Wednesday, July 18, 2007

Pakistan - Waziristan ? Blame the Bristish

Reading this article on New York times got me thinking.

It is often conveniently forgotten that the British are responsible for much of the strife in today's world. You might be surprised, but let me explain. Who can ever forget the role of British Imperialism in shaping 1) the Palestine and 2) Pakistan.

These two regions owe their existence to delusions of British law makers of the last century. Both have turned out to be regions of conflict. Usually, the British were very good at building institutions which eventually sustained governance and law in the countries that they colonized. However, the above mentioned were created at the end of the great British empire and a as result there was not enough time to develop such structures.

Well, maybe it is not a good idea to keep pining about history and time to move on and think about what can be done.

With respect to Pakistan, it has turned out to be a failed state with a military dictator who masquerades as a champion of democracy at its helm. No matter how much Indians like me want democracy in Pakistan, the reality is that a military Pakistan is always better than a democratic Pakistan and we all need to grudgingly acknowledge that. Historically, except for Ul-Haq's regime, most of the belligerent tones emanated from democratically elected governments in Pakistan.

Consider the relationship between India and Pakistan to understand why a military Pakistan is better.A military Pakistan is rational enough to not attack a stronger India, as the leaders who are from the army ranks know that they cannot win a direct confrontation with a much larger India.
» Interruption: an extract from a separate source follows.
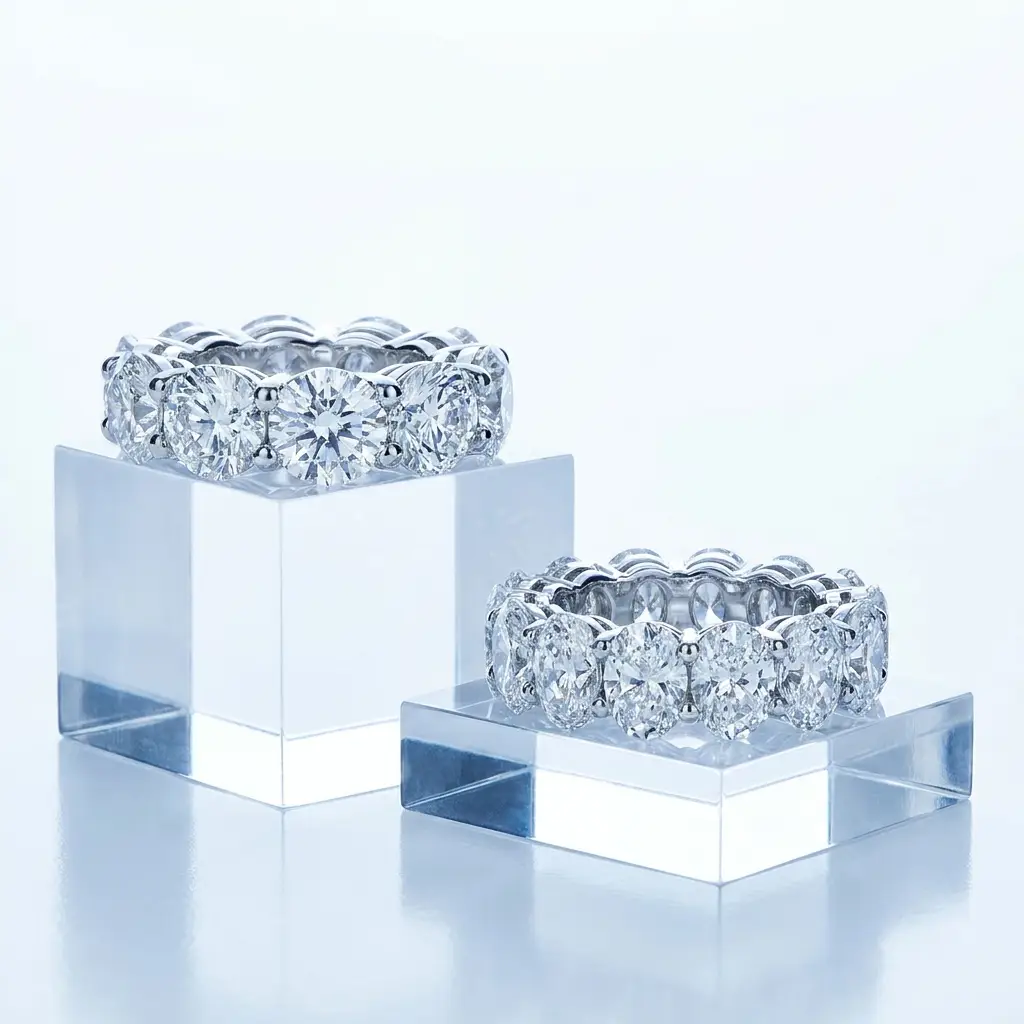 Diamond eternity rings in white gold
A democracy however, has delusions - of grandeur, non-existent albeit, but one that instills a false sense of pride and nationality among its citizens. Such delusions lead to skirmishes more often than required at the border. It seems like the US figured this out - that a supportive military Pakistanis better than a non-supportive democratic Pakistan.

Mr. Bush faces a daunting task ahead of him. If he wants democracy to survive in Iraq, he has to support the monarchy in Saudi, not to mention all the other emirates, and most importantly support a military dictatorship in Pakistan. He needs the support of a dictator to help resurrect a country in which there was a long dictatorship until recently. Ironical ? Yes, but irrational, no!

I have come to realize that there is no way out of this conundrum for the US. As Niall Ferguson says, the US is not good at building institutions in other countries from ground up. There is a need for able administrators on the ground, and not just the presence of military commanders. The sooner US realizes this and learns lessons from British experience of the past two centuries, the better. A military victory will not stabilize Iraq as Bush expects it will. Unless he reinforces a military commitment with a long US commitment in other aspects of the society (law, governance, finance etc.) for a long long time, the future of Iraq and the middle east seems bleak.

I wish, better sense prevails. I wish the US public supports continued commitment to Iraq even after the war is over. Else, the US has done nothing but stir up a hornet's nest. I wish I am proven wrong.